I also enjoyed your shared wisdom at FaffCon3 (the only one I've been able to attend.)

Since there are conflicting opinions on the issues mentioned and you're instructing with Edge Studios these days, I thought it would be helpful and educational to present both aspects of the topic, as many voice artists like myself are creative types who struggle with the business building side of voice-over.
Tom Daniels
1/21/2014 at 4:55 AM
Good information to know, Tom. However, as I keep hearing about the caring and sharing nature of the voice-over industry compared to other areas of the performing arts, and you are placing yourself in the role of authority on this matter, that you won't feel threatened by this comment.

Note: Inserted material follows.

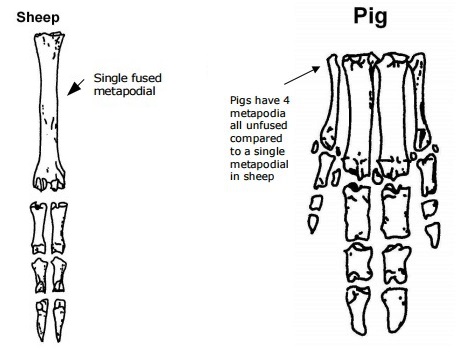 Diagram of sheep & pig foot bones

I'm sure that many interested parties, both up and coming and working voice artists in the early stages of growing their businesses would like to see you to follow-up with a blog on the right questions to ask, in the interest of achieving their goal of generating enough revenue to support themselves full-time in their chosen career.

Two things to consider here are; that the general opinion seems to be that obtaining an agent who actually gets you work not just auditions, requires a referral from someone already represented (suggesting an insider clique), and for various reasons, at least in the United States, the majority of working voice artists do not have the choice of residing in Los Angeles or New York and may not have the ability or mobility to travel in order to do their networking, a definite disadvantage but surely not insurmountable.
Liz de Nesnera-Bilingual English/French VO
1/20/2014 at 8:21 PM
This is AWESOME!!!! :-)
Dan....YOU made me LAFF as well :-)
Dan Hurst
1/20/2014 at 6:47 PM
Well done, Tom! Well done!

While your answers are far better than mine, here are my humble responses:

1. 12

2. Which union?

3. With a #13 hook.

4. My wife. Every day.

5. On what?
Dan Deslaurier
1/19/2014 at 9:46 AM
Well said Tom, very collegial. I've read pieces like this where too many "pros" feel the need to flavor their words with an attitude. Very refreshing to encounter another like-minded colleague. Thanks for sharing!